What to work on: In the data below, find the line that contains "1077 Scenic View" and the line that contains "Блондинка на розовом". Copy both, plus every line between them, exactly.

Input data:
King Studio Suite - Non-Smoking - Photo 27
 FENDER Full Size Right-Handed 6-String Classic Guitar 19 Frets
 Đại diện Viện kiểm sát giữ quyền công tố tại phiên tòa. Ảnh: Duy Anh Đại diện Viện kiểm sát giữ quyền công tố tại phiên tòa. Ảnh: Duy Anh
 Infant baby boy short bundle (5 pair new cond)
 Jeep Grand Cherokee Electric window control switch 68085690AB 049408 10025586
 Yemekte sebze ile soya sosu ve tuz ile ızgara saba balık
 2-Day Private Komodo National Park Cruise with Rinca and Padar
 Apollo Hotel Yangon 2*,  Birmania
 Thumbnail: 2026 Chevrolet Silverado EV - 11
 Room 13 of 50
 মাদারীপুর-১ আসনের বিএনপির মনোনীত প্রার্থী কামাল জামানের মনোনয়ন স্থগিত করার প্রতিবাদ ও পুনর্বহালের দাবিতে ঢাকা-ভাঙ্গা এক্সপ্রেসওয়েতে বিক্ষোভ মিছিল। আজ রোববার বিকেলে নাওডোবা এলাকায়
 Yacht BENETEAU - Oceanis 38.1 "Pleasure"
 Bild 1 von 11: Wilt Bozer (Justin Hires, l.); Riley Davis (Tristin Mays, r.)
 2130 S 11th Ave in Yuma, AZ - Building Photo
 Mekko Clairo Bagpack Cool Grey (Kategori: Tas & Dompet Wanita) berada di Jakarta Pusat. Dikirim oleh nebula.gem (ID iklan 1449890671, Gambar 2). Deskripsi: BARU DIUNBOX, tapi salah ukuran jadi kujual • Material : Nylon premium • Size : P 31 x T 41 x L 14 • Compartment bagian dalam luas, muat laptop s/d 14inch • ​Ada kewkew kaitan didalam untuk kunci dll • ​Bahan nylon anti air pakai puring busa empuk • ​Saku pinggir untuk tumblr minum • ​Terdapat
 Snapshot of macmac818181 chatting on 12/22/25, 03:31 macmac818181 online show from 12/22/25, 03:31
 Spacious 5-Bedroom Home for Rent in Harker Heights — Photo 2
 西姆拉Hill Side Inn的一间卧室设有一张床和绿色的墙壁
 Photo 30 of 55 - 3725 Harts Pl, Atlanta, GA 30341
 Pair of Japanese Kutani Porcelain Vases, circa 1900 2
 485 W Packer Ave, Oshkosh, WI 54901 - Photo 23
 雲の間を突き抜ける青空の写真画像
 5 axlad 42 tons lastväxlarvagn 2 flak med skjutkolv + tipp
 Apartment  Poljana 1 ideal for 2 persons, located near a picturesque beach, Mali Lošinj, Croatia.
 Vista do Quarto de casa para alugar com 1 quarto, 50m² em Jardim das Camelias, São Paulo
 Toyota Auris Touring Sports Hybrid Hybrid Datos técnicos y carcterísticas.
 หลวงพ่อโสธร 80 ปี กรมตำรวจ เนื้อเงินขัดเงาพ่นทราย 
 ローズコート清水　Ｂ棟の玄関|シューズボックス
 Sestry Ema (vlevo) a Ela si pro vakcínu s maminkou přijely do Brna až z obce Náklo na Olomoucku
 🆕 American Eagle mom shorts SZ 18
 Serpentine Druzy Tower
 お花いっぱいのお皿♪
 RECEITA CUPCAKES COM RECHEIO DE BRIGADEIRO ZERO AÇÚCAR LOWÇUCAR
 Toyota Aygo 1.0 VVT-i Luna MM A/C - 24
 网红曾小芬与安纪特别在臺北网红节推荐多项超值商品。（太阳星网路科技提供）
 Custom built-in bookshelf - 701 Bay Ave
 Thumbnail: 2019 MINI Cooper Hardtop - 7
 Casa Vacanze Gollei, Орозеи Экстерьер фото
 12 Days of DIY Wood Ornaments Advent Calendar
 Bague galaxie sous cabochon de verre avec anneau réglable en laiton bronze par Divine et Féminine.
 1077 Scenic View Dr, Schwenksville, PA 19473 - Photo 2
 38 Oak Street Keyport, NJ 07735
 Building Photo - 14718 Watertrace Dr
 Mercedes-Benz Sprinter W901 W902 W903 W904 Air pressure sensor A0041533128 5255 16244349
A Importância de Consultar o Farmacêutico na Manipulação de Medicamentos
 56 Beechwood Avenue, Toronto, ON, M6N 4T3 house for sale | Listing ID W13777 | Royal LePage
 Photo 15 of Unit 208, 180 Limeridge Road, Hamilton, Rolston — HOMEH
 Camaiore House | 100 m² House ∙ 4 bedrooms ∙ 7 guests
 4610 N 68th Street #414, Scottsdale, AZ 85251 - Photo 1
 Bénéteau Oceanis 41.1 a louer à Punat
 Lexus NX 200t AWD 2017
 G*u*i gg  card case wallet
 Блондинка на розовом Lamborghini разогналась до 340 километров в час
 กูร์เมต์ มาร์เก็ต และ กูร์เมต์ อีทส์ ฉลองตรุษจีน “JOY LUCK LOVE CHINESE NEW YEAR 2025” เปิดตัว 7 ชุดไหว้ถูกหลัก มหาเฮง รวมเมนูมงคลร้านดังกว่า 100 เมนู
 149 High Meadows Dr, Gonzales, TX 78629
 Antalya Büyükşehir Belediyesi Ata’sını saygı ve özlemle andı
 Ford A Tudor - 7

Solution:
 1077 Scenic View Dr, Schwenksville, PA 19473 - Photo 2
 38 Oak Street Keyport, NJ 07735
 Building Photo - 14718 Watertrace Dr
 Mercedes-Benz Sprinter W901 W902 W903 W904 Air pressure sensor A0041533128 5255 16244349
A Importância de Consultar o Farmacêutico na Manipulação de Medicamentos
 56 Beechwood Avenue, Toronto, ON, M6N 4T3 house for sale | Listing ID W13777 | Royal LePage
 Photo 15 of Unit 208, 180 Limeridge Road, Hamilton, Rolston — HOMEH
 Camaiore House | 100 m² House ∙ 4 bedrooms ∙ 7 guests
 4610 N 68th Street #414, Scottsdale, AZ 85251 - Photo 1
 Bénéteau Oceanis 41.1 a louer à Punat
 Lexus NX 200t AWD 2017
 G*u*i gg  card case wallet
 Блондинка на розовом Lamborghini разогналась до 340 километров в час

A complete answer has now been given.